## Exercise directions
Hand back all records exactly, pictures omitted.

## Data
☆ ☆ ☆ ☆

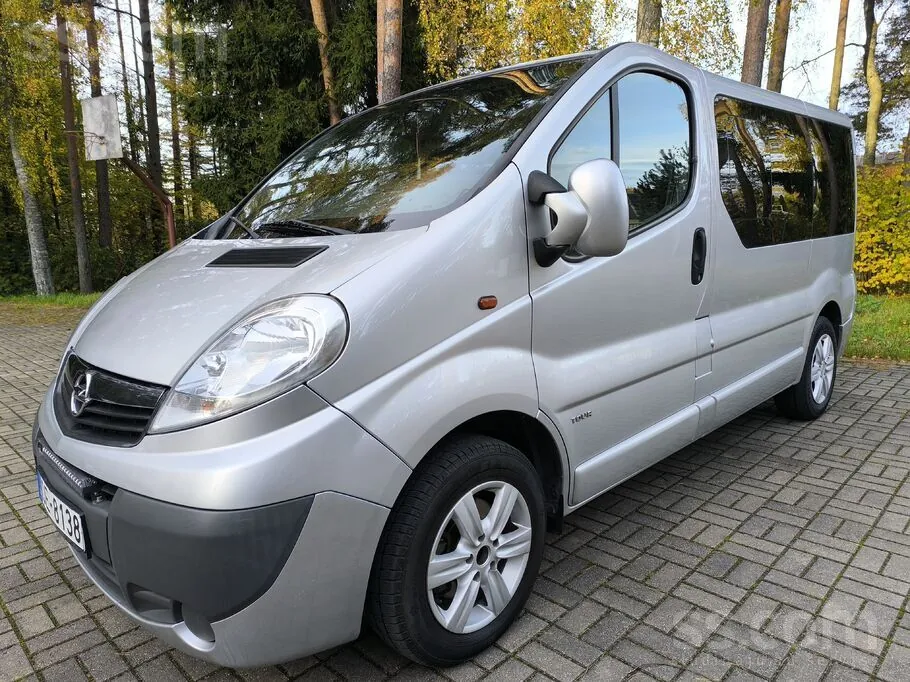 Opel Vivaro 2008 photo 4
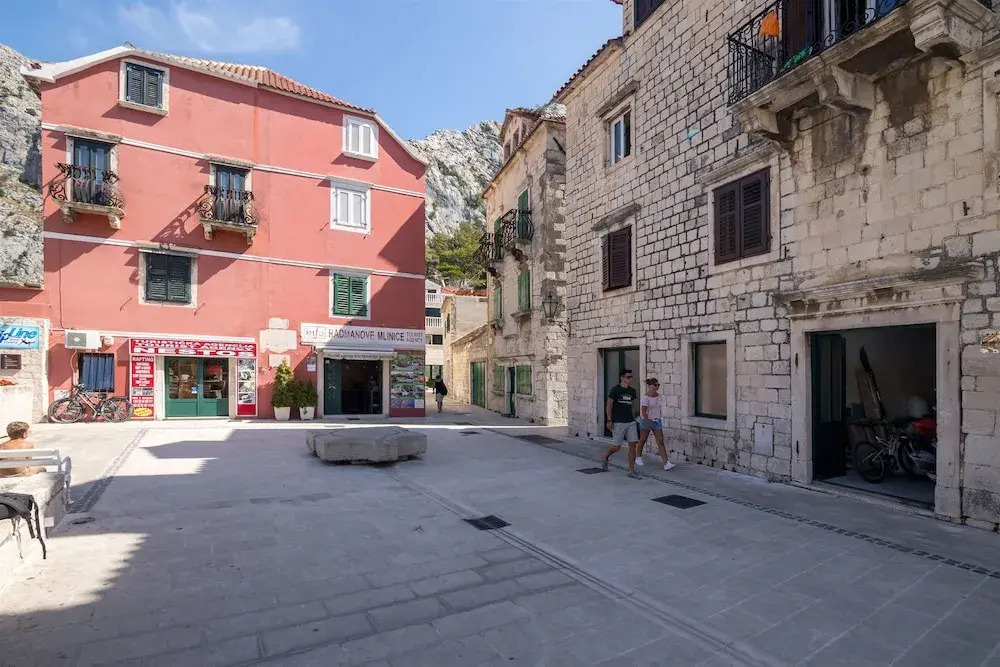 Apartments Petea Omis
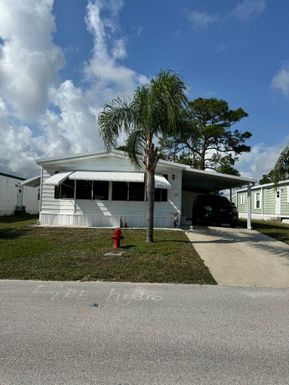 49 Las Casitas, Fort Pierce, FL 34951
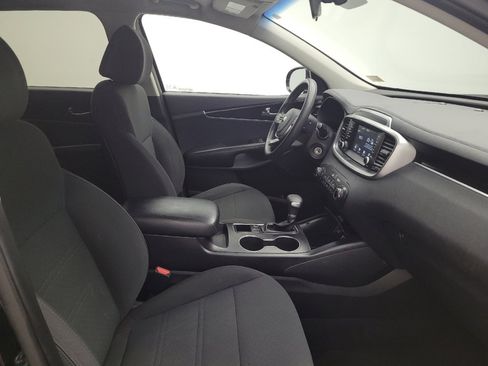 Used 2020 Kia Sorento LX FWD image 21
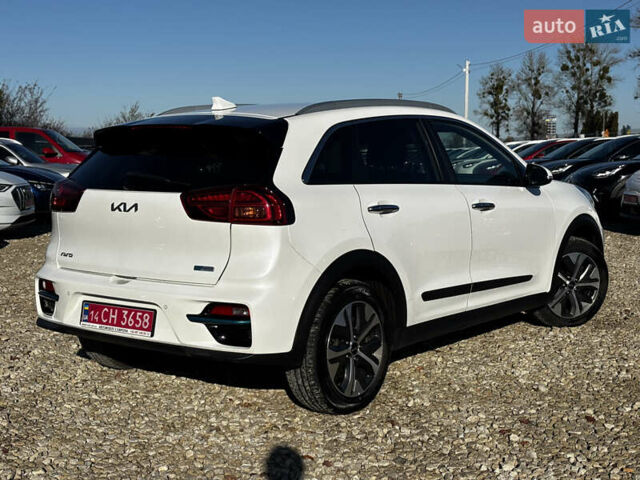 Білий Кіа Niro, об'ємом двигуна 0 л та пробігом 44 тис. км за 23900 $, фото 18 на Automoto.ua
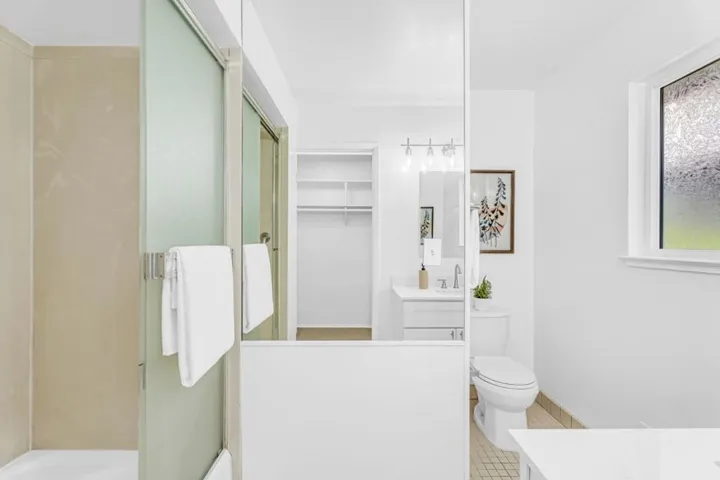 1680 Skyline Boulevard, Burlingame, California 94010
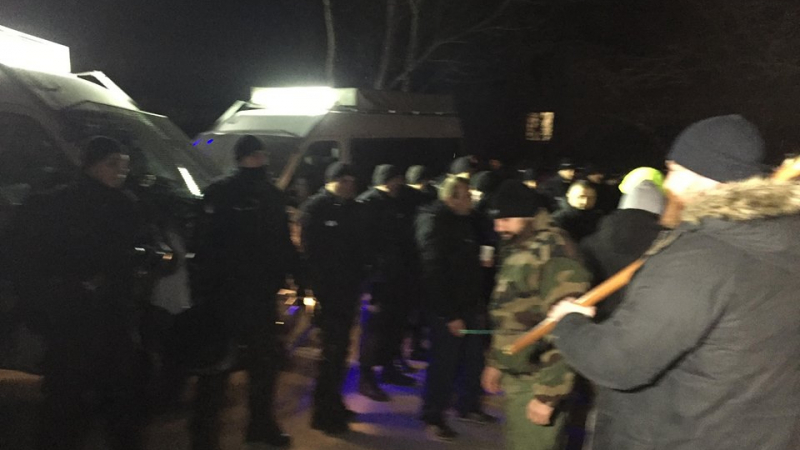 Във Войводиново ври и кипи! Полиция и жандармерия блокираха... (СНИМКИ)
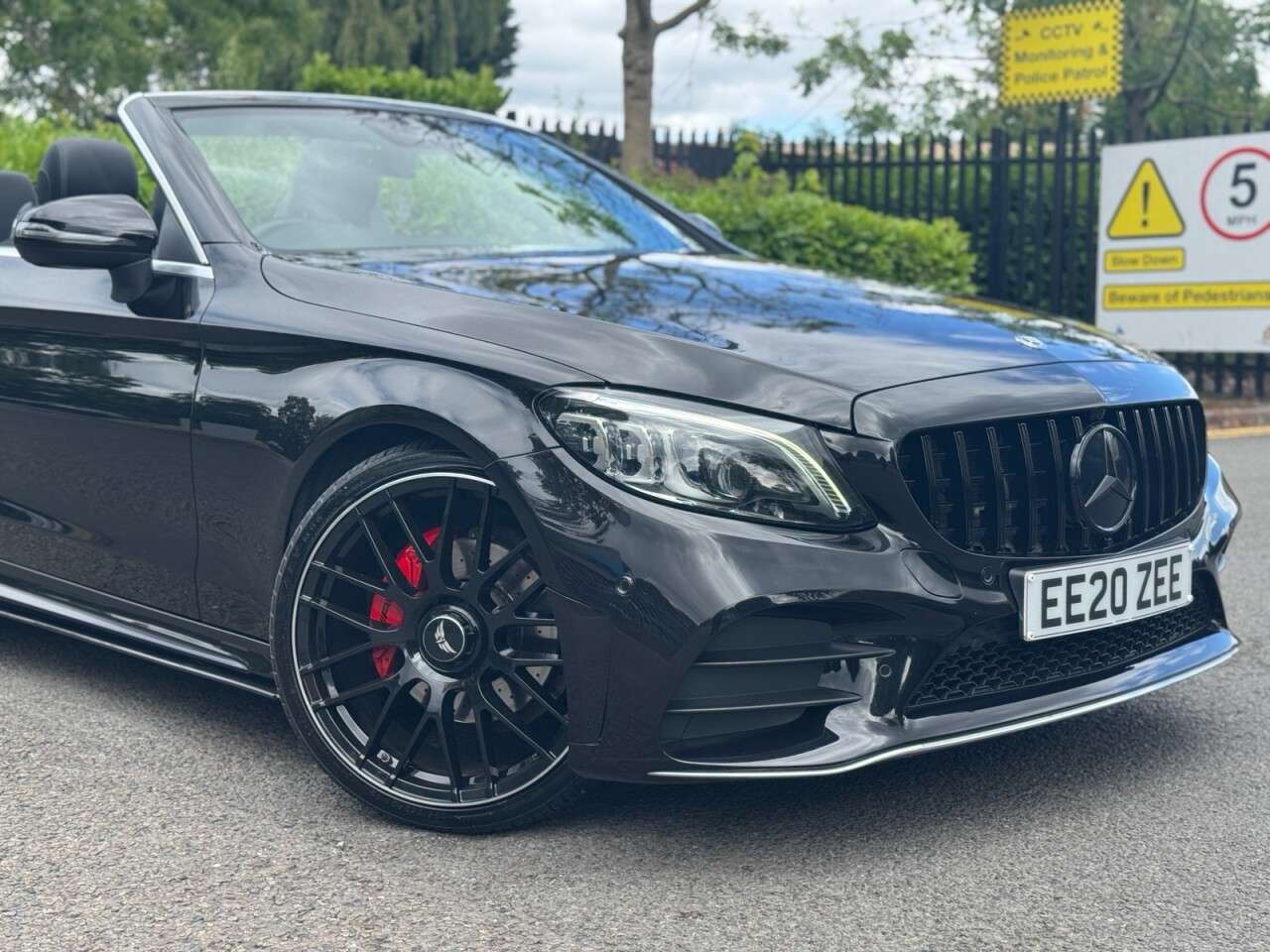 A 2020 MERCEDES-BENZ C-CLASS 1.5 C200 MHEV AMG Line (Premium) Cabriolet 2dr Petrol G-Tronic+ Euro 6 (s/s A 2020 MERCEDES-BENZ C-CLASS 1.5 C200 MHEV AMG Line (Premium) Cabriolet 2dr Petrol G-Tronic+ Euro 6 (s/s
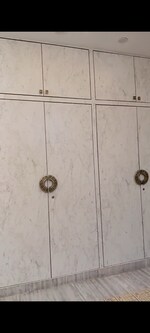 3 BHK + Servant Room 250 Sq.Yd. Builder Floor in East of Kailash Block-B RWA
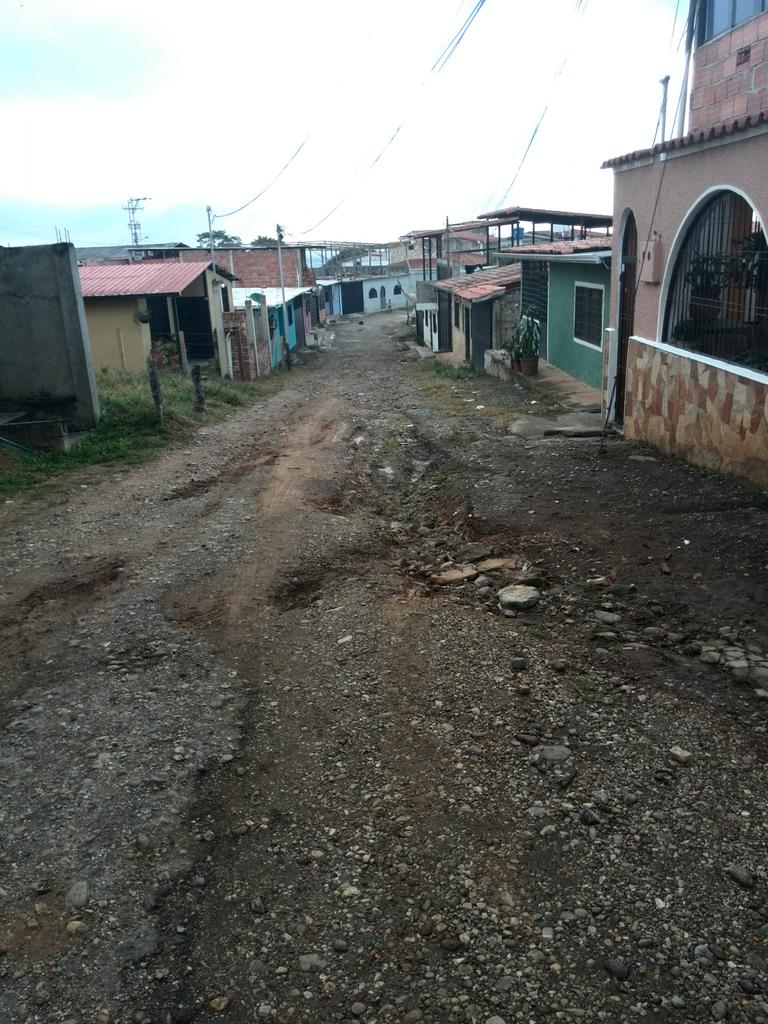 CortesAlba's tweet photo. @RicardoAlcalde2 Buenas Sr. Alcalde, le felicito por su trabajo; por favor le necesitamos en la calle 13 de tucape. https://t.co/pw9V00jaVO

☆ ☆ ☆ ☆

## Written response
 Opel Vivaro 2008 photo 4
 Apartments Petea Omis
 49 Las Casitas, Fort Pierce, FL 34951
 Used 2020 Kia Sorento LX FWD image 21
 Білий Кіа Niro, об'ємом двигуна 0 л та пробігом 44 тис. км за 23900 $, фото 18 на Automoto.ua
 1680 Skyline Boulevard, Burlingame, California 94010
 Във Войводиново ври и кипи! Полиция и жандармерия блокираха... (СНИМКИ)
 A 2020 MERCEDES-BENZ C-CLASS 1.5 C200 MHEV AMG Line (Premium) Cabriolet 2dr Petrol G-Tronic+ Euro 6 (s/s A 2020 MERCEDES-BENZ C-CLASS 1.5 C200 MHEV AMG Line (Premium) Cabriolet 2dr Petrol G-Tronic+ Euro 6 (s/s
 3 BHK + Servant Room 250 Sq.Yd. Builder Floor in East of Kailash Block-B RWA
 CortesAlba's tweet photo. @RicardoAlcalde2 Buenas Sr. Alcalde, le felicito por su trabajo; por favor le necesitamos en la calle 13 de tucape. https://t.co/pw9V00jaVO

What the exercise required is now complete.